Allison gives the driver her phone and traces a half circle with her boot in the dirt as he mutters something about the highway and make of the car. He gives her back the phone. Savannah notes that their eyes have settled on each other. She wonders about the origins of Allison’s bodily magnetism. For the last year she’s watched Allison tractor beam several guys this way and each time she’s watched with the same excitement and revulsion of watching a carnivorous plant trap a fly. They give a kind of consensual shivering that makes it hard for her to sympathize, exactly. It must be that skin of hers that’s to blame. Guys must mistake the sweat on Allison’s arms for honey.

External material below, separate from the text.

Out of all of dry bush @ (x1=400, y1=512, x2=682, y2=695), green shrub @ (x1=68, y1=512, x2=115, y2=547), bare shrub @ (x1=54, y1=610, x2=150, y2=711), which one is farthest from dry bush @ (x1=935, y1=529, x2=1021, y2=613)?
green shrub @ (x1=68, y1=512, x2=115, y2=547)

While Savannah’s thinking this, she rummages in the car for the bag of fortune cookies, almost pulling out the bag of condoms by mistake. Both are situated next to each other in the same duffle in non-descript grocery bags that say Thank You in red. She goes around feeding the boys fortunes.

She likes how they pop the air from the plastic wrappers and break the cookies gingerly. How each one reads over the little waxen papers slowly and sniffs before eating.

Savannah eats one too.

One of the scrappier-looking ones, not a day older than twelve, in his wife-beater and rat tail—asks her what her fortune is.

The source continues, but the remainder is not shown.